How MOON, the Topographically Accurate Lunar Globe, Layers Science on Design
The dark side is only a spin away.
The Moon looms large for earthlings, but — high-powered telescopes being pricey as they are — few of us have the chance to observe its intricacies. French designer Oscar Lhermitte hopes to change that. With MOON, a topographically accurate lunar globe he’s painstakingly shaped out of rotocasted polyurethane resin and astronomical data, he’s come close.
Lhermitte got the idea to lasso the moon several years ago while looking through surface pictures snapped by NASA’s Lunar Reconnaissance Orbiter. Struck by the details, Lhermitte pondered how he might be able to make the agency’s images into more than JPEGs or photos. “Are there enough high resolution pictures to recreate the whole thing in 3D?” he recalls asking himself. Long story short: The answer was yes. The product he created has now blown through its Kickstarter funding goal.
MOON displays the current phase of the moon at any given time with an LED light fixture that revolves around a fixed, topographically accurate lunar globe. The globe is a 1/20 million replica of the moon exactly to scale that features the exact lunar terrain as pictured by NASA, down to every crater, ridge, and slight point of elevation. The combination of accurate 3D terrain and a revolving light source distinguishes Lhermitte’s state-of-the-art model from other lunar globes.
Lhermitte began by 3D printing an accurate prototype from which to make a cast. Using advanced software, Lhermitte converted the 2D photographs he obtained from NASA into a 3D model. Once he had the cast, he began making models from polyurethane resin.
For the LED fixture, Lhermitte recruited the help of Kudu, an engineering team comprised of some of his friends from college. In order to get the LED fixture to display the current phase of the moon, Kudu helped make a computer located in the base of the light fixture controlled by an algorithm that knows the different phases of the moon for the next 100 years. The internal clock inside the computer keeps pace with the phases of the moon, even when the machine is unplugged. “There’s a battery inside so the clock will still be running, which means if you turn it on two years from now, it’s going to know where it should be,” Lhermitte says.
If you don’t want to wait 28 days to see all the different phases of the moon, Lhermitte and Kudu designed two other phases for MOON. The manual mode allows users to set the phase of the moon they want to see, while the demo mode does an automatic rotation through all the phases in 30 seconds. The MOON is also groundbreaking in its display of the dark side of the Moon.
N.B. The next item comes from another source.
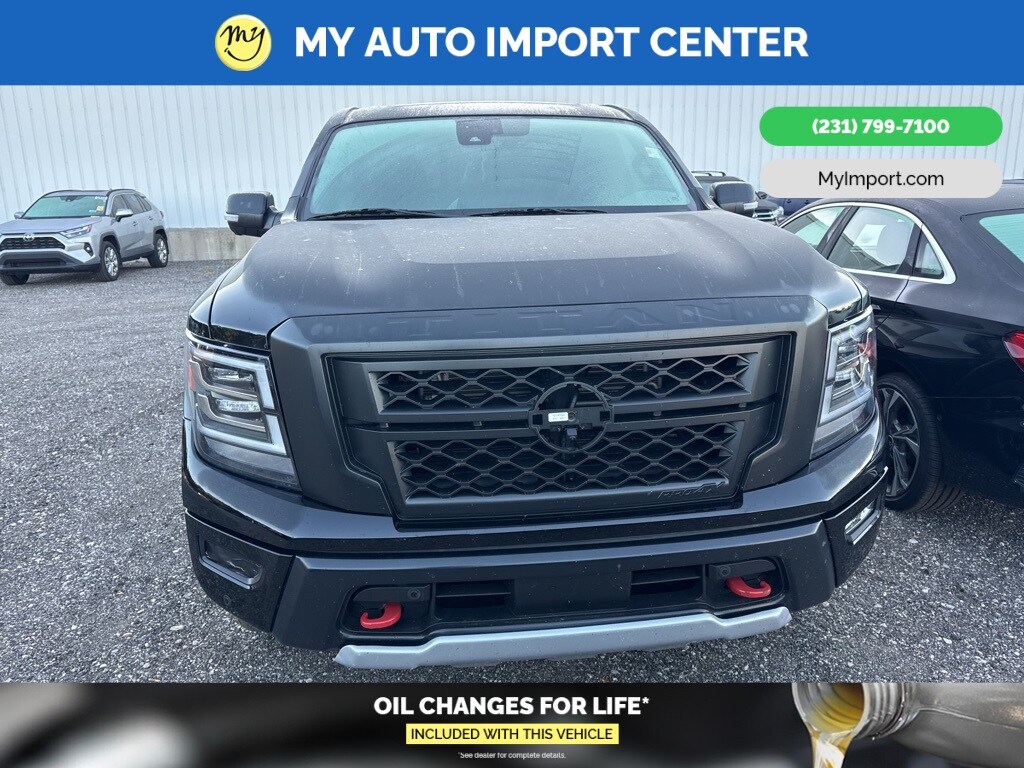 2024 Nissan Titan PRO-4X photo 2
Lhermitte’s MOON displays it as it actually appears in space, lit by the sun.
Lhermitte has helmed many other projects, including one space-related exhibition that commented on light pollution in London, but he’s proudest of MOON. “There’s a reason for every single component and that’s what I really like,” he says, referring to the painstaking four year process behind the project. After reaching his goal of $35,589 goal after just two days, his campaign has now raked in nearly $200,000, enough to allow the MOON team to make 200 more models.
While Lhermitte has already heard from plenty of shops that are interested in selling his product, he didn’t design it for retail purposes. His dream for MOON is to see it adapted as a public exhibition someday, and in a much larger form. The MOON models on the Kickstarter page have a diameter of 6.8 inches, but Lhermitte would eventually like to see a model that’s five meters wide in diameter and functions as an interactive exhibition at a science museum. Located at the intersection of design, technology, science, and art, the MOON’s appeal is wide reaching and flexible, which makes it well-suited for an inclusive public exhibition.